Murder In Black Letter, 18.
you can try that on the switchboard girl for recognitionor.
Does the phone office keep records of such things?
Should this passage read:
"'...you can try that on the switchboard girl for recognition or does the phone office keep records of such things?'"?
"This time he had two metal legs and he paid.
Metal legs?
This is that chapter in a detective novel where past events are summarized and explained and it is recognized that incidental incidents were in fact clues, e.g.:
when I told him Margery's
place had already been raided, it was a shock
Yes, that character did respond with surprise or shock at that point in the conversation in a previous chapter. That obviously meant something although I had no idea what.

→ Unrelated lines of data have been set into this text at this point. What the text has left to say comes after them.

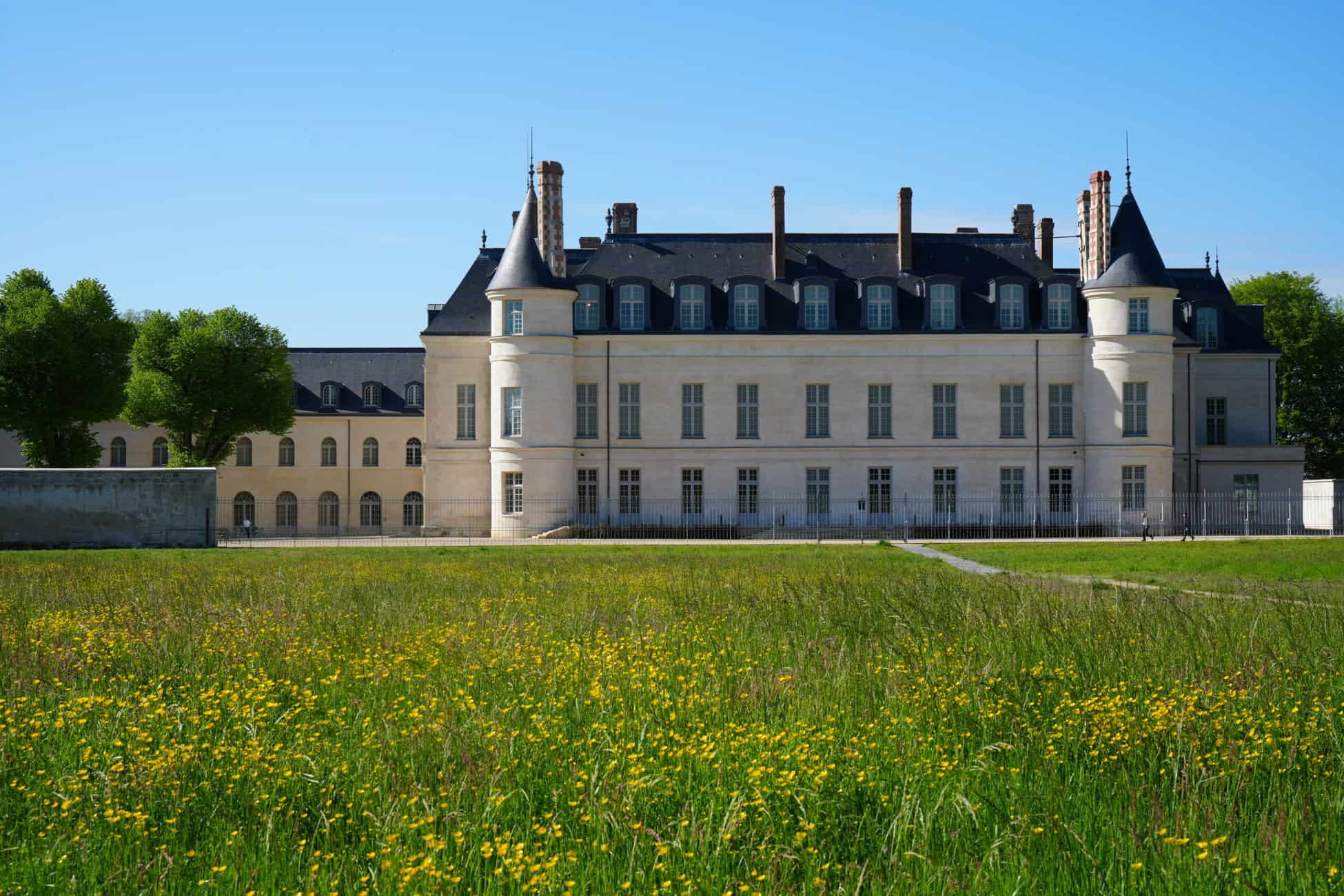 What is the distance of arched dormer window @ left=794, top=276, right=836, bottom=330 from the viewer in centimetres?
4650

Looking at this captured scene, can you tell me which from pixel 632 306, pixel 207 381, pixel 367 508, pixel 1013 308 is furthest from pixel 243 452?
pixel 1013 308

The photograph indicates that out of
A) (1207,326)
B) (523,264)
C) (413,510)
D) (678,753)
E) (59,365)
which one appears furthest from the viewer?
(413,510)

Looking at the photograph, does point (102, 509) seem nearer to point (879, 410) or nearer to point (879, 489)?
point (879, 489)

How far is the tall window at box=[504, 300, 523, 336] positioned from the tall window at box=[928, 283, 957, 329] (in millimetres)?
15373

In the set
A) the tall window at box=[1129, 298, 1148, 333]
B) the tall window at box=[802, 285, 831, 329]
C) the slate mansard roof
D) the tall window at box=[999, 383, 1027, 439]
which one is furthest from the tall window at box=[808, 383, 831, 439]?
the slate mansard roof

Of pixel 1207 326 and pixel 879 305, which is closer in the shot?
pixel 879 305

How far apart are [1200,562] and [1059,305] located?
75.7 ft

This chapter ends as follows, with Yamamura's pov:
Kintyre and Yamamura speak by phone;
Kintyre breaks off in mid-sentence;
his voice trails off;
his receiver crashes down;
he rings back to say that he has just rung someone who should have been home but there was no answer....
Another moment of realization and another possible murder...
I am summarizing the structure rather than the content of a detective novel.
1 comment:
Kaor, Paul!
And I can't help but be dissatisfied by how Anderson structured MURDER IN BLACK LETTER. It should have been Trygve Yamamura, not Kintyre, who had been having these moments of realization and taking relevant actions. But that's just me, speaking from my experience reading classically structured mystery stories.